The study, commissioned by the Scottish Government and carried out by the Scottish Agricultural Organisation Society (SAOS), estimates an increase in administrative costs when trading with Europe if the UK crashes out of Europe without a deal.
According to the study, the bulk of the additional costs will come from the need to employ a vet to inspect an order prior to shipping, as well as the cost of a Common Veterinary Entry Document, estimated at £65, to allow the order to enter the EU destination country.
It said around 7.5% of Scottish red meat sales are to Europe, and the lamb sector was at greater threat than the beef sector.
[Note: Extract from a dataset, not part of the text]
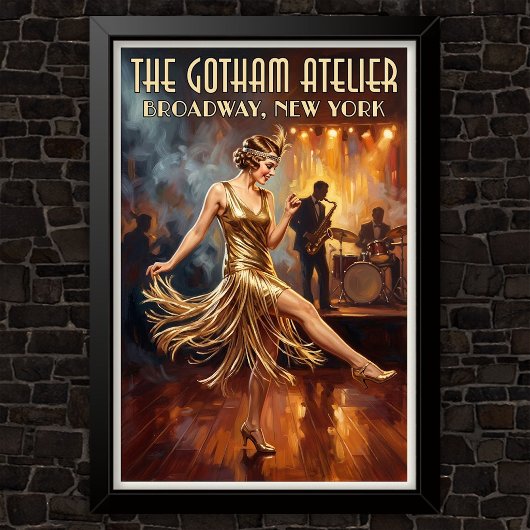 1920s Vintage Mode Reclame Poster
Lamb sales to Europe account for 26% of total sales, while beef sales account for 6% of total sales.
The study warned that any additional costs involved with exporting to Europe after Brexit may put sales to these markets at risk.
It said the additional administrative costs would be incurred before any trade tariffs, estimated to be as much as 50%, were applied.
“A no-deal Brexit is by far the biggest threat to our red meat sector and our successful food industry,” said Rural Economy Secretary Fergus Ewing.
“This research is further evidence that Scotland’s red meat sector would be worse off under every scenario when compared to the current trade arrangements.”
He said any additional costs involved with exporting Scottish red meat to Europe after Brexit were likely to put businesses and jobs at risk.
“The UK Government should look at the weight of evidence collated over the last three years about the potential impact of no-deal on industries such as this, and take it off the table once and for all,” added Mr Ewing.